After a little over a month of use, we would now like to give you an update of Globe’s Tattoo Pocket WiFi..
To turn on the power and off for that matter, one needs to press it long enough. This kind of design is a bit precarious as one could over press and damage the unit.
Besides that, there should also be a better indicator of how much “battery life” is left, instead of it’s current indicator just turning red in the middle of one’s usage.
Charge the unit while in use? You wish. What if the battery’s already hot?
As previously said, the battery really heats up after 1.5h of use; and so the need to turn it off. Would one try to gamble and test the unit’s durability by using it to the fullest?
From a consumer’s standpoint, of course not. It would be a waste of money to buy another unit if it gets damaged.
Warranty? A waste of time especially for busy people. This is why products should be truly durable, otherwise, they would either lose customers or get a backlash.

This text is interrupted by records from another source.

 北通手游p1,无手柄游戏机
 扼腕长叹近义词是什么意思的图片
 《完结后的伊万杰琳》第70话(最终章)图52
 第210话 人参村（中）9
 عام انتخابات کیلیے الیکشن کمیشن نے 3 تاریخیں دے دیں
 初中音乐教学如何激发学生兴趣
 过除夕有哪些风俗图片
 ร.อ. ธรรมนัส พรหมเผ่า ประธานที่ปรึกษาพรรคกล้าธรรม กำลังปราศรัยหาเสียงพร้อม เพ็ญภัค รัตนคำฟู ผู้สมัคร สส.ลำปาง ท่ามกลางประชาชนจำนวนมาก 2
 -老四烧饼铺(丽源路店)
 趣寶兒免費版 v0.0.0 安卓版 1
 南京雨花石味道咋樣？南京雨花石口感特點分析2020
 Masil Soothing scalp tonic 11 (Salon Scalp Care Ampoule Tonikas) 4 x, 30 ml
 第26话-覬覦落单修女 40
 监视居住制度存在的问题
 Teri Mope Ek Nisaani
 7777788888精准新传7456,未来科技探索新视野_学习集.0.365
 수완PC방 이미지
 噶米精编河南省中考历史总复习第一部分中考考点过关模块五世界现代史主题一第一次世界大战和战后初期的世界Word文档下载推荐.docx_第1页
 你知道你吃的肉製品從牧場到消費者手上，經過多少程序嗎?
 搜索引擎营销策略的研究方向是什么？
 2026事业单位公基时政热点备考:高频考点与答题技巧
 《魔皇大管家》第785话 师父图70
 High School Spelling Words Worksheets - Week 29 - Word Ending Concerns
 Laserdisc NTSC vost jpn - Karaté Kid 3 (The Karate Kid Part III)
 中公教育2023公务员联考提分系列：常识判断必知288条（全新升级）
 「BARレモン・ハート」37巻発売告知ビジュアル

Well, the WiFi signal is actually dependent on the provider’s reach. While it’s good in this area, fluctuations and slowdowns still happen. Imagine if the place is already filled with Tattoo Pocket WiFi users?!
Did you know that Artemis Networks has come up with a technological advancement that would make mobile data connectivity (like video streaming) run seamless and.. faster than it is today?
Well, yes.. Steve Perlman has developed what he calls pCell or “personal cell” technology. And this network equipment could actually draw a signal that is unique in itself for devices that connects to the transmitter, and thus, taking full advantage of the bandwidth.
See, one major problem with our connections (shared mobile bandwidth) today is that when there are so many users – congestion makes connectivity jam up. But with this technology, we could now experience faster and uninterrupted mobile data – even with a ton of users as these pWave radios are small enough to be placed just about anywhere. So.. is it goodbye dead spots as well?
Oh, just think of what Perlman told the Business Week, “…it’s like the wireless equivalent of fiber-optic cables. ”
At any rate, exciting as it may seem, the question would now be.. when would this pCell technology be available for the rest of the world, and “without technical problems” at that? Yes, it’d be set out in the U.S. before the year ends; but sadly, many countries (especially in their provinces) are just left too far behind.. even for as simple as the 3G.